This is part of my commentary series on The 39 Articles of Religion.  Article 8 states:

VIII. Of the Three Creeds

The Three Creeds, Nicene Creed, Athanasius’s Creed, and that which is commonly called the Apostles’ Creed, ought thoroughly to be received and believed: for they may be proved by most certain warrants of holy Scripture.

Having established the authority of the Bible in Articles 6 and 7, Article 8 here takes us to another teaching authority in the Church’s toolkit: the three Creeds.  They are “thoroughly to be received and believed,” because they’re founded on the “most certain” foundation of the Bible.  Many Anglicans make use of the classic Protestant doctrine Sola Scriptura, the teaching that Only Scripture is infallibly authoritative over the Church.  Article 8 here works in tandem with that idea by asserting that although the Creeds are authoritative and binding for all Christian belief, they are so only because they’re derived from Scripture.  They are, in a sense, the Church’s best authoritative interpretive lens for summarizing the teachings of the Bible.

Each of these three creeds have their own special teaching value and corresponding use in the liturgy.

The Nicene Creed was written in 325 and expanded in 381, both at major ecumenical councils, by delegates representing the church worldwide at the time.  The primary theological issues being addressed in that Creed were doctrines related to the divinity, humanity, and personhood of Christ, and thus that is the longest section of the Nicene Creed.  It is traditionally said at the celebration of Holy Communion every Sunday and Major Feast Day.

The Athanasian Creed is a longer document (about two full pages of text), written in the late 400’s or early 500’s – a century after the death of Saint Athanasius of Alexandria, in whose honor it was written.  This Creed’s primary focus is on the doctrine of the Trinity, carefully (and repetitively) spelling out the unity of the Father and the Son and the Holy Spirit as well as the distinctions between the three Persons.  Because of its later origin, and other details, it is only used by Western Christians, and because of its length it is rarely used in worship services.  The original Book of Common Prayer, perhaps uniquely, called for its recitation at Morning Prayer on about 13 different Holy Days throughout the year.  Although this practice has largely disappeared in modern Anglicans, the Athanasian Creed does show up in the Communion service in a number of churches on Trinity Sunday.

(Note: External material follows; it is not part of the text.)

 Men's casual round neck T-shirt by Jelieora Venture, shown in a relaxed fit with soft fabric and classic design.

For reasons unknown to me, the Protestant Episcopal Church in the United States of America, in 1801, edited Article 8 to omit the Athanasian Creed entirely; contributing to its demise in liturgical use and general lack of awareness of its existence and use.

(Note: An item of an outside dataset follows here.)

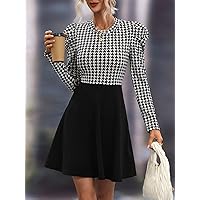 Spring Dresses for Women 2023 Houndstooth Leg-of-Mutton Sleeve -line Dress Dress for Women (Color : Black and White, Size : Medium)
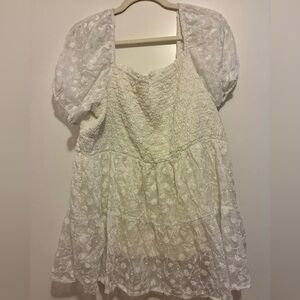 Chic Soul White Lace Tiered Babydoll Top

The Apostles’ Creed, finally, was developed in the 1st and 2nd centuries largely as a confession of faith to be memorized and recited in the Service of Holy Baptism.  It is the shortest of the three creeds, and therefore the most commonly used for teaching, catechesis, and memorization.  It is traditionally said in the Offices of Morning and Evening Prayer, as well as at Baptisms and Reaffirmations of Baptismal Vows.